Soweit von klägerischer Seite auf Messungen des Herrn H. Bezug genommen werde, der Hinweise auf das Vorliegen einer Fahrkurvenerkennung gefunden haben will, sei dies unbehelflich. Denn dies habe die Beklagte dem KBA bereits 2015 mitgeteilt (Anlage B 6) und werde von diesem als unproblematisch beurteilt (Anlage BE 18).
Soweit die Klägerseite unter Bezugnahme auf Herrn H. behaupte, die Regeneration des NOx-Speicherkatalysators (NSK) funktioniere nicht, wenn kumulativ bestimmte Voraussetzungen vorlägen, sei dies nicht richtig, da keine vollständige „Deaktivierung der NSK-Regeneration“ bei einer Umgebungstemperatur im Bereich von unter 15 °C erfolge. Die klägerische Behauptung, das streitgegenständliche Fahrzeug fahre auf der Straße weit überwiegend ohne jegliche Regeneration des NSK-Katalysators mit entsprechend hohen NOx-Emissionen, sei daher unzutreffend. Im Straßenverkehr reagiere der NSK etwa alle 5 km. Hinzu komme, dass nach dem klägerischen Vortrag die Regeneration des NSK insoweit „auf dem Prüfstand“ bzw. bei Durchfahren des Prüfzyklus und „auf der Straße“ identisch funktioniere. Eine vorsätzliche, sittenwidrige Täuschung sei daher nicht erkennbar.
Aus dem Memo der Kanzlei F. an VW aus dem Oktober 2015 ergebe sich, dass sich die Wirkweise des NSK-Systems auf dem Prüfstand und „der Straße“ nicht unterscheidet; dies spreche gerade gegen eine Manipulation. Im Übrigen seien die klägerischen Behauptungen einer messbaren Emissionsbeeinflussung falsch, was die Messungen des KBA zeigen würden.
Der Senat hat mit Terminsverfügung vom 11.02.2021 Hinweise erteilt.

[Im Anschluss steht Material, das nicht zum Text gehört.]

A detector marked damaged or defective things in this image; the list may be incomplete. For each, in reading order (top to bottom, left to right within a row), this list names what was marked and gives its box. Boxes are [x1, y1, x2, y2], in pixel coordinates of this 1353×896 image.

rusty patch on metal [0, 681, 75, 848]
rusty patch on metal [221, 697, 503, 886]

Ergänzend wird Bezug genommen auf die Schriftsätze der Parteien im Berufungsverfahren und das Protokoll der Sitzung vom 15.09.2021 (Bl. 369/371 d.A.).
II.
Die zulässige Berufung des Klägers ist zurückzuweisen, da das Landgericht die Klage zu Recht abgewiesen hat. Der Kläger hat insbesondere eine sittenwidrige Schädigung durch die Beklagte nicht nachweisen können, da er insbesondere keine der im EA 189-Motor verbauten Umschaltlogik vergleichbare Abschalteinrichtung belegen kann.

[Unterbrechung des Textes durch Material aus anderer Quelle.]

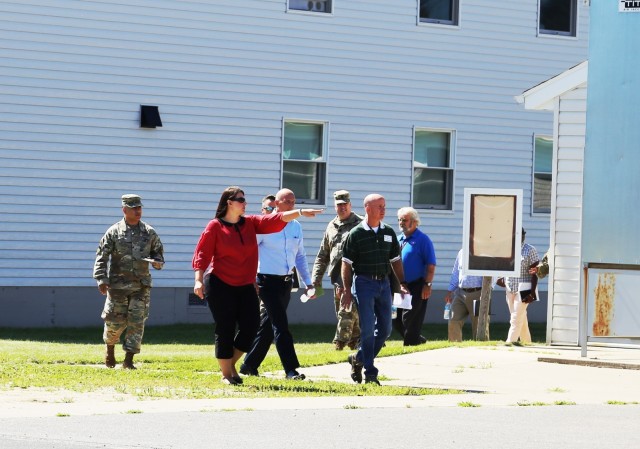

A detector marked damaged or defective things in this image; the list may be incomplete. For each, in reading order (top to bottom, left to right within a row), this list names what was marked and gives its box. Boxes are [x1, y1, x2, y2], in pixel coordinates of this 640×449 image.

rusty metal post [476, 276, 496, 340] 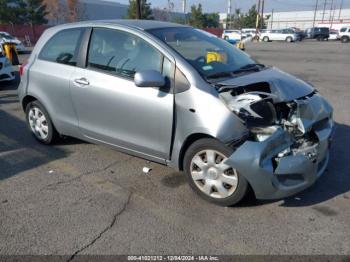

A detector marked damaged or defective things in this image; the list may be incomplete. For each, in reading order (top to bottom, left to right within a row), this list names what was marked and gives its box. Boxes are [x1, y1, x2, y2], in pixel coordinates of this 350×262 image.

crumpled hood [217, 67, 314, 102]
severe front damage [216, 67, 334, 199]
damaged bumper [224, 93, 334, 200]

Zu den Vorwürfen des Klägers im Einzelnen:
1. Thermofenster:
1.1. Die Beklagte hat zur klägerischen Behauptung, das Thermofenster stelle eine in sittenwidriger Weise verwendete Abschalteinrichtung dar, zunächst darauf hingewiesen, dass das KBA bestätigt habe, dass das Thermofenster keine unzulässige Abschalteinrichtung darstelle (Anlage BE 41). Die Abgasrückführung sei bei einer Außentemperatur zwischen -24 °C bis +70 °C zu 100% aktiv. Innerhalb des Thermofensters und der darin jeweils aktiven Motorbetriebsarten gebe es keine kontinuierliche Abstufung in Abhängigkeit zur Außentemperatur, d. h. keine schrittweise Reduktion der Abgasrückführungsrate (sogenannte Abrampung).
Auch habe das KBA nicht getäuscht werden können, da erst seit dem 22.04.2016 Hersteller verpflichtet gewesen seien, für neue zu genehmigende Fahrzeugtypen der zuständigen Behörde detailliert darzustellen, welche Emissionsstrategien in dem zu genehmigenden Fahrzeugmodell zum Einsatz kommen würden (insoweit nimmt die Beklagte zutreffend Bezug auf die amtliche Auskunft des KBA vom 11.09.2020, Anlage BE 37). Unzutreffend sei insbesondere die Behauptung, das Thermofenster sei so ausgestaltet, dass die Abgasrückführung lediglich in einer Temperaturspanne von 20 °C bis 30 °C vollständig funktioniere.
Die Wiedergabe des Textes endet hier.